Tragedi Dompu: Suami Tega Habisi Nyawa Istri Akibat Terlilit Utang dan Tekanan Sosial

Tragedi Keluarga di Dompu: Motif Utang dan Tekanan Sosial Memicu Pembunuhan Sadis

Sebuah tragedi keluarga menggemparkan Dusun Nangasia, Desa Marada, Kecamatan Hu'u, Kabupaten Dompu, Nusa Tenggara Barat. SYA (30) ditangkap atas dugaan pembunuhan terhadap istrinya, YU alias Sri (28), pada Sabtu (7/6/2025). Kasus ini mencuat ke permukaan setelah penemuan jasad korban dengan luka parah di kediaman mereka.

Polisi berhasil mengungkap motif di balik tindakan keji tersebut. Berdasarkan hasil penyelidikan awal, SYA mengaku nekat menghabisi nyawa istrinya karena merasa malu dan tertekan akibat masalah utang yang membelit keluarga mereka. AKP Zuharis, Kasi Humas Polres Dompu, menjelaskan bahwa korban seringkali berutang dan menjadi perbincangan di media sosial, khususnya Facebook, yang membuat pelaku merasa terpojok dan terhina.

Dalam pemeriksaan intensif, SYA mengungkapkan bahwa kebiasaan istrinya berutang telah mencoreng nama baik keluarga besarnya.
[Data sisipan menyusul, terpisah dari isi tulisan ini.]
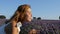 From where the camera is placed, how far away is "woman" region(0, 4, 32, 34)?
3.71m

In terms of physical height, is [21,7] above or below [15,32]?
above

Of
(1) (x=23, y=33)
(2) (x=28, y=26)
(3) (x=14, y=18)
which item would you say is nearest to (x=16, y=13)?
(3) (x=14, y=18)

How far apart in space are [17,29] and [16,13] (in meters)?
0.27

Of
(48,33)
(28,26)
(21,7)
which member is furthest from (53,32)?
(21,7)

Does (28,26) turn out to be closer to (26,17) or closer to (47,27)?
(47,27)

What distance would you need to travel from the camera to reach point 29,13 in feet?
12.7

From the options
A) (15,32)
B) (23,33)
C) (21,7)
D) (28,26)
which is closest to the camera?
(15,32)

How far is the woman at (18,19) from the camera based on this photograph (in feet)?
12.2

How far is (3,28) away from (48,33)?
668 cm

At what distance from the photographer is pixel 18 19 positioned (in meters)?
3.87

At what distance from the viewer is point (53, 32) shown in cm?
1047

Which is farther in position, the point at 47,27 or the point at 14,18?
the point at 47,27

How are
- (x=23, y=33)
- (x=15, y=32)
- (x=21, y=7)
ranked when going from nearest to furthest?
(x=15, y=32) < (x=21, y=7) < (x=23, y=33)

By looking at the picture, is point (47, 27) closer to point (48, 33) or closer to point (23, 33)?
point (48, 33) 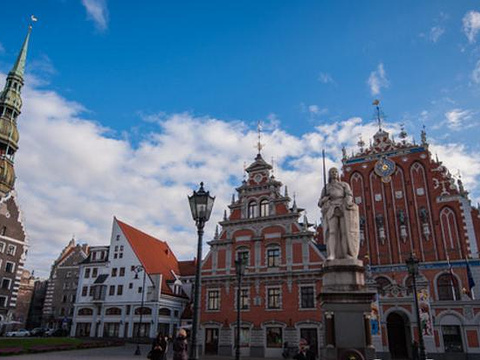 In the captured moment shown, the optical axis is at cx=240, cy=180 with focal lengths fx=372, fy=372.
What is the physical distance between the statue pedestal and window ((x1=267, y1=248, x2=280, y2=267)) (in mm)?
21378

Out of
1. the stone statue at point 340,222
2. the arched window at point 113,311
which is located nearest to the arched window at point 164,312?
the arched window at point 113,311

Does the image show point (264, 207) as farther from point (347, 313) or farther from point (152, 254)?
point (347, 313)

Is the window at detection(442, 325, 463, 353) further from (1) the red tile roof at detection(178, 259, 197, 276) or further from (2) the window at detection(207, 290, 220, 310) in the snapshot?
(1) the red tile roof at detection(178, 259, 197, 276)

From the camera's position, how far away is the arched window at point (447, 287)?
30172mm

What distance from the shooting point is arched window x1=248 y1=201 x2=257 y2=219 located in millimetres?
32625

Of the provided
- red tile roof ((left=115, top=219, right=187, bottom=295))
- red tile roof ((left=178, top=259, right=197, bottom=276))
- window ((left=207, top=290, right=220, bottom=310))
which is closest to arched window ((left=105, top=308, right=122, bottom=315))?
red tile roof ((left=115, top=219, right=187, bottom=295))

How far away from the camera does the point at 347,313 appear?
8.77 meters

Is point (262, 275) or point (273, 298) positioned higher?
point (262, 275)

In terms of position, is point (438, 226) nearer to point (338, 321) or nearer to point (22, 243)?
point (338, 321)

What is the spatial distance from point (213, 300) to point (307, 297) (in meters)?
8.11

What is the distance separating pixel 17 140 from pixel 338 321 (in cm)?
5420

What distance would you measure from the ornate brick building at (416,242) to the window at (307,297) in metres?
4.49

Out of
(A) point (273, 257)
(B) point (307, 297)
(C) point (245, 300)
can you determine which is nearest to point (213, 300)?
Answer: (C) point (245, 300)

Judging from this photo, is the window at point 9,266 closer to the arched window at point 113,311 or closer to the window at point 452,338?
the arched window at point 113,311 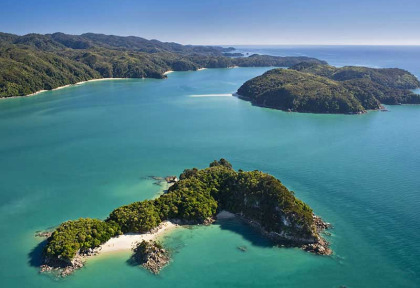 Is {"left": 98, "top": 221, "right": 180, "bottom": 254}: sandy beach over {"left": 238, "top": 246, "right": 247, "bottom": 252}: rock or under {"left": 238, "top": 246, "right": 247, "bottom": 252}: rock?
over

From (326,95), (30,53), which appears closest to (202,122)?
(326,95)

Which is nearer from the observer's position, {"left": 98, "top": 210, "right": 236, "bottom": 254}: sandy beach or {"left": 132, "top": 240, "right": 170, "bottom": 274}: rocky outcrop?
{"left": 132, "top": 240, "right": 170, "bottom": 274}: rocky outcrop

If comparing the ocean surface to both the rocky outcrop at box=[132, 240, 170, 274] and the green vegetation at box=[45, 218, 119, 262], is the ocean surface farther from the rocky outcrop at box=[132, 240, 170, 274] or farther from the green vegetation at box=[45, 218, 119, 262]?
the green vegetation at box=[45, 218, 119, 262]

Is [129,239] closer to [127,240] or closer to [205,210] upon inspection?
[127,240]

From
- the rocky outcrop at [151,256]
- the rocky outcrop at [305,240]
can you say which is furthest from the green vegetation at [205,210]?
the rocky outcrop at [151,256]

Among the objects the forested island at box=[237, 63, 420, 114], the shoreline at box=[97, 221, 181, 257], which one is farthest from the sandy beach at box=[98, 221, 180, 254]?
the forested island at box=[237, 63, 420, 114]

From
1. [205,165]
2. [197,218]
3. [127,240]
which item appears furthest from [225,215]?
[205,165]

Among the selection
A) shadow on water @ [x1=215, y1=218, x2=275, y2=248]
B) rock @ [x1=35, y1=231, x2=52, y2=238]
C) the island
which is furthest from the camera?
rock @ [x1=35, y1=231, x2=52, y2=238]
Tekanan ekonomi dan sosial yang semakin meningkat akhirnya memicu emosi pelaku hingga mencapai puncaknya. Ia gelap mata dan melakukan tindakan brutal di dalam kamar mereka. Ironisnya, korban baru saja melahirkan anak kedua mereka sepuluh hari sebelum kejadian tragis ini.

Detail Pembunuhan dan Upaya Pelarian

SYA melakukan pembunuhan dengan menggunakan parang berukuran 60 sentimeter. Korban mengalami luka tebasan di bagian belakang kepala dan kedua pergelangan tangannya diiris hingga hampir putus. Setelah melakukan aksi kejinya, pelaku melarikan diri dan bersembunyi di rumah orang tuanya di Desa Kareke, Kecamatan Pajo, Dompu. Namun, pelariannya tidak berlangsung lama karena polisi berhasil menangkapnya.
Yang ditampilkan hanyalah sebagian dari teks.